In Which We Add Support for Sample Weights to MLPs #75

waltaskew · 2018-01-25T01:21:09Z

support sample weights in MLPClassifier
support sample weights in MLPRegressor
add tests ensuring sample weights are handled reasonably

beckermr · 2018-01-25T13:52:51Z

A quick comment here. We should normalize the losses by the sum of the sample weights in order to keep them on a decent numerical scale.

beckermr · 2018-01-25T15:19:17Z

muffnn/mlp/mlp_classifier.py

@@ -129,19 +129,23 @@ def _init_model_objective_fn(self, t):
        if self.multilabel_:
            cross_entropy = tf.nn.sigmoid_cross_entropy_with_logits(
                logits=t, labels=tf.cast(self.input_targets_, np.float32))
+            cross_entropy = tf.multiply(cross_entropy, self._sample_weight)

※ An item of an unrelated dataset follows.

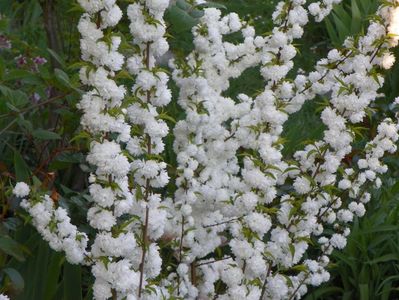 prunus glandulosa Alba Plena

Does this broadcast correctly?

For multilabel, I think the shape of of cross_entropy is [n_examples, n_classes] and the weights are [n_examples]. You might need to add a trailing dimensions to get this to work?

It does not broadcast correctly. The fact that the tests passed makes me worry how well we're testing the multi-label case.

Agreed. Sam and I worked on those tests a lot but I am not going to claim they are bullet proof.

- support sample weights in MLPClassifier - support sampel weights in MLPRegressor - add tests ensuring sample weights are handled reasonably

mheilman

could you also please add this to the changelog in this PR?

mheilman · 2018-01-26T02:41:38Z

muffnn/mlp/base.py

+        sample_weight : numpy array of shape [n_samples,]
+            Per-sample weights. Re-scale the loss per sample.
+            Higher weights force the estimator to put more emphasis
+            on these samples.


It's probably worth noting here or in the class docstring that the sample weights are normalized per batch. i understand the argument for this, and i think that as the batch size approaches the size of the dataset, it's equivalent to normalizing the sample weights once ahead of time, but this is altering the objective function a bit, so i imagine that it could lead to odd behavior in edge cases. in practice, it probably doesn't matter either way, so i'm fine with keeping it this way, but it'd be good to document in case a user expects not normalizing.

mheilman · 2018-01-26T02:53:18Z

muffnn/mlp/mlp_classifier.py

-                tf.where(y_finite, self._zeros, cross_entropy))
+
+            # reshape to broadcast multiplication along cross_entropy
+            sample_weight = tf.reshape(self._sample_weight, (-1, 1))


So this and the next line of code turn the original (batch_size,) sample weights array into a (batch, n_classes_) one with the same value across a row? If so, could you add a comment to that effect?

Also, we're not actually using broadcasting here, right? That comment might be confusing, unless I'm misunderstanding something here.

mheilman · 2018-01-26T03:07:01Z

muffnn/mlp/tests/util.py

+    assert_clfs_almost_equal(clf1, clf2)
+
+    # Fitting twice with half sample-weights should result
+    # in same classifier as fitting once with full weights.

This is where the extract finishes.